::: Input data :::

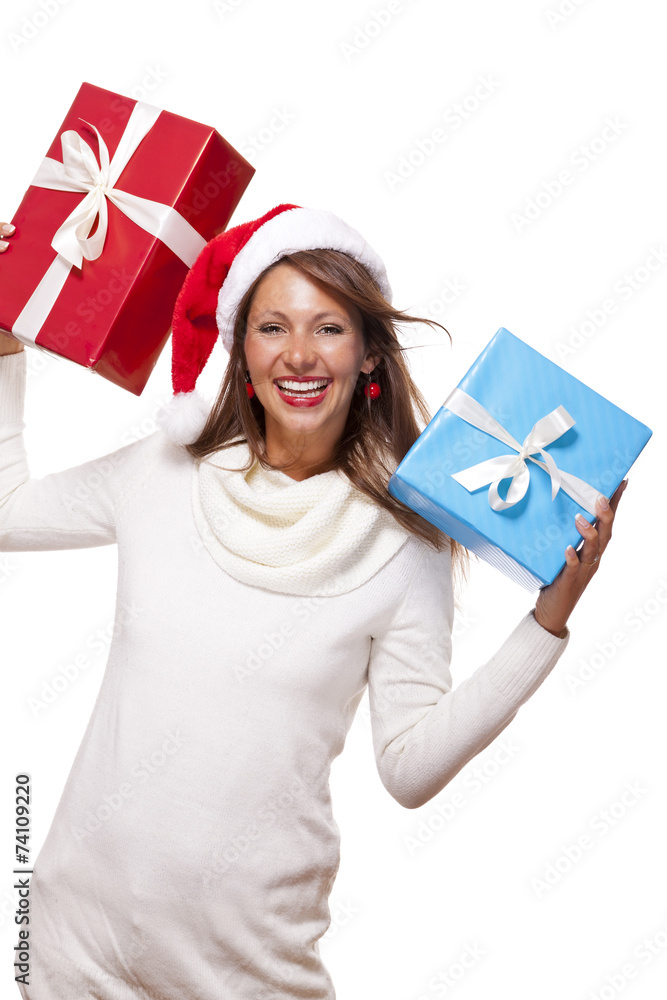 Vivacious woman in a Santa hat celebrating Xmas Vivacious woman in a Santa hat celebrating Xmas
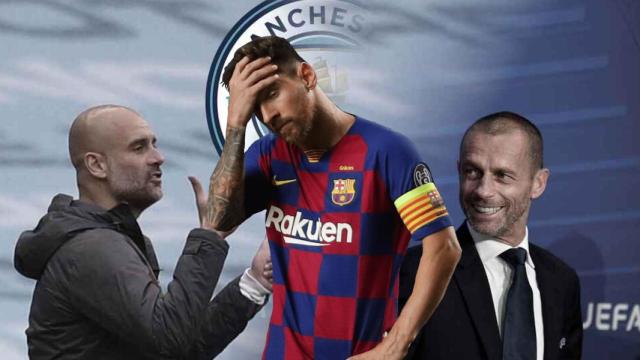 Pep Guardiola, Leo Messi y Aleksander Ceferin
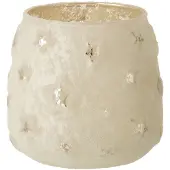 J-Line T-lichthouder ster glas antiek zilver small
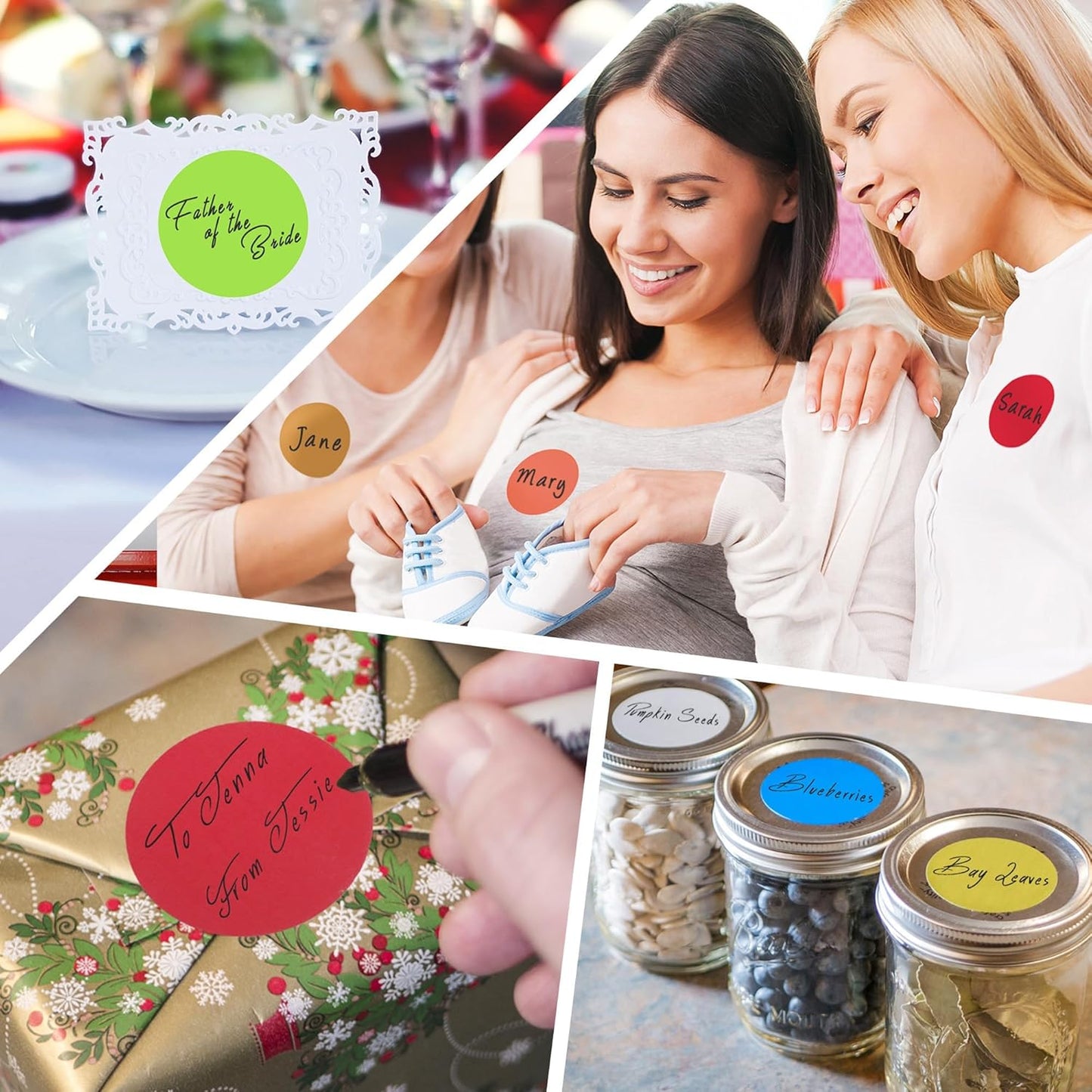 ChromaLabel 2 Inch Circle Sticker Labels, Easy to Write On Round Colored Stickers, Permanent Adhesive Labels - 500 Sticky Dots per Roll, Black Dot Stickers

:::

- **Work to be completed**
Beginning with the line that contains "J-Line T-lichthouder ster" and ending with the final line of the material, reproduce those lines exactly and nothing else. Omit the pictures.

- **Final answer**
 J-Line T-lichthouder ster glas antiek zilver small
 ChromaLabel 2 Inch Circle Sticker Labels, Easy to Write On Round Colored Stickers, Permanent Adhesive Labels - 500 Sticky Dots per Roll, Black Dot Stickers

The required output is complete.